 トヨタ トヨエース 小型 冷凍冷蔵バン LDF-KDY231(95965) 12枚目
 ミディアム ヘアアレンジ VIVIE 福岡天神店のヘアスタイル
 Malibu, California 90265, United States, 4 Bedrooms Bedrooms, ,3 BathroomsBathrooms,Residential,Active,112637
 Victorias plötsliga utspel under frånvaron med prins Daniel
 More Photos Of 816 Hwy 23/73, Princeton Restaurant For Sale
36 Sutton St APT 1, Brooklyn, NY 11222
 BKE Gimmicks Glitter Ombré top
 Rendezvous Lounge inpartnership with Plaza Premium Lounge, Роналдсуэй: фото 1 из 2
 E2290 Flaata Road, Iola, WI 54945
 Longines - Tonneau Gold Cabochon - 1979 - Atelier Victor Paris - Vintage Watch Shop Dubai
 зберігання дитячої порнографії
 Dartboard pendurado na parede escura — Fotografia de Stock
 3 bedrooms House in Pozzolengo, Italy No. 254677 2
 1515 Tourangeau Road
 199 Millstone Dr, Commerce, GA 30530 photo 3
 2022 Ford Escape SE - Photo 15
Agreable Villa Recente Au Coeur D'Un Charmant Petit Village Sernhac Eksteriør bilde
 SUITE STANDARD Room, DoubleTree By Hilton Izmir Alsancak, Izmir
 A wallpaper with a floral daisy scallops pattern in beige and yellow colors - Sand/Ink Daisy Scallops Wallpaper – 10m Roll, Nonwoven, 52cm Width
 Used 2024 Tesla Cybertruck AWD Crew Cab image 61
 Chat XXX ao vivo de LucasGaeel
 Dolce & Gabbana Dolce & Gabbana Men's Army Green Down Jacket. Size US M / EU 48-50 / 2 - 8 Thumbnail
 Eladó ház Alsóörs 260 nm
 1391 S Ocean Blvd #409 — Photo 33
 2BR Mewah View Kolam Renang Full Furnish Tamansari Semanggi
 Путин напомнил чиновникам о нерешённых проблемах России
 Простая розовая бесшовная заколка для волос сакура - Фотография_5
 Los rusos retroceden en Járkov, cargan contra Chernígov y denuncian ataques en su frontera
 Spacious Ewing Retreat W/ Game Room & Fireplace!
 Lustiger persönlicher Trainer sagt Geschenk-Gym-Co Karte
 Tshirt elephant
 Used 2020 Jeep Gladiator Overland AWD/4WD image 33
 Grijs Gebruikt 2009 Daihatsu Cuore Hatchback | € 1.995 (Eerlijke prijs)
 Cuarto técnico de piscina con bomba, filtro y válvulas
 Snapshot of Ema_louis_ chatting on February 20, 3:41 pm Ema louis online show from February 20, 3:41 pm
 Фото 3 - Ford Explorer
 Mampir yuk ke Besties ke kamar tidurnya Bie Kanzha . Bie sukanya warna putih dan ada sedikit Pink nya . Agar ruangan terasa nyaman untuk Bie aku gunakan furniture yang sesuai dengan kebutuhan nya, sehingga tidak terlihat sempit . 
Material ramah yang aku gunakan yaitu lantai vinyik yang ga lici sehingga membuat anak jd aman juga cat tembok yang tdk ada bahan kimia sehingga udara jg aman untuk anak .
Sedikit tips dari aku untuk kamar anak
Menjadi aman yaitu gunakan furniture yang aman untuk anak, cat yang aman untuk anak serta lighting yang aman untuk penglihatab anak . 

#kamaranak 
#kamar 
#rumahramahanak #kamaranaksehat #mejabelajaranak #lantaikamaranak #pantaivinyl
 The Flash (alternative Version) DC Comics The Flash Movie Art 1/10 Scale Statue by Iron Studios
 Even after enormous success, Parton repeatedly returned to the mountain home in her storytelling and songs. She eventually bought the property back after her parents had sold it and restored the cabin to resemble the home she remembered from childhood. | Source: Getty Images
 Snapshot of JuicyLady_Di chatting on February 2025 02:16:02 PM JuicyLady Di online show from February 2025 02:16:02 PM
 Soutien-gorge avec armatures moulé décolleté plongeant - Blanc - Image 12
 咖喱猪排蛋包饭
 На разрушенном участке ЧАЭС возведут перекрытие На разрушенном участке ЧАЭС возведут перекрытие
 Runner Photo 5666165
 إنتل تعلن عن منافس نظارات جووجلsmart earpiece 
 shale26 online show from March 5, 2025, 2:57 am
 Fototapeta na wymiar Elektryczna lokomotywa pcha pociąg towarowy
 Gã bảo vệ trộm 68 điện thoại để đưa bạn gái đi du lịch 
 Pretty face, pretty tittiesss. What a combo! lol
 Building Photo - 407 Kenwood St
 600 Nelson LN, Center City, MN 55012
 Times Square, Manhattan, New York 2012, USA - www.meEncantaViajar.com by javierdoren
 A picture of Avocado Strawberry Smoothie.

+ + + + + + +

- About this exercise: The lines running from the start of the data through the one that contains "Простая розовая бесшовная" should be reproduced exactly, and only those.

- Expected answer:
 トヨタ トヨエース 小型 冷凍冷蔵バン LDF-KDY231(95965) 12枚目
 ミディアム ヘアアレンジ VIVIE 福岡天神店のヘアスタイル
 Malibu, California 90265, United States, 4 Bedrooms Bedrooms, ,3 BathroomsBathrooms,Residential,Active,112637
 Victorias plötsliga utspel under frånvaron med prins Daniel
 More Photos Of 816 Hwy 23/73, Princeton Restaurant For Sale
36 Sutton St APT 1, Brooklyn, NY 11222
 BKE Gimmicks Glitter Ombré top
 Rendezvous Lounge inpartnership with Plaza Premium Lounge, Роналдсуэй: фото 1 из 2
 E2290 Flaata Road, Iola, WI 54945
 Longines - Tonneau Gold Cabochon - 1979 - Atelier Victor Paris - Vintage Watch Shop Dubai
 зберігання дитячої порнографії
 Dartboard pendurado na parede escura — Fotografia de Stock
 3 bedrooms House in Pozzolengo, Italy No. 254677 2
 1515 Tourangeau Road
 199 Millstone Dr, Commerce, GA 30530 photo 3
 2022 Ford Escape SE - Photo 15
Agreable Villa Recente Au Coeur D'Un Charmant Petit Village Sernhac Eksteriør bilde
 SUITE STANDARD Room, DoubleTree By Hilton Izmir Alsancak, Izmir
 A wallpaper with a floral daisy scallops pattern in beige and yellow colors - Sand/Ink Daisy Scallops Wallpaper – 10m Roll, Nonwoven, 52cm Width
 Used 2024 Tesla Cybertruck AWD Crew Cab image 61
 Chat XXX ao vivo de LucasGaeel
 Dolce & Gabbana Dolce & Gabbana Men's Army Green Down Jacket. Size US M / EU 48-50 / 2 - 8 Thumbnail
 Eladó ház Alsóörs 260 nm
 1391 S Ocean Blvd #409 — Photo 33
 2BR Mewah View Kolam Renang Full Furnish Tamansari Semanggi
 Путин напомнил чиновникам о нерешённых проблемах России
 Простая розовая бесшовная заколка для волос сакура - Фотография_5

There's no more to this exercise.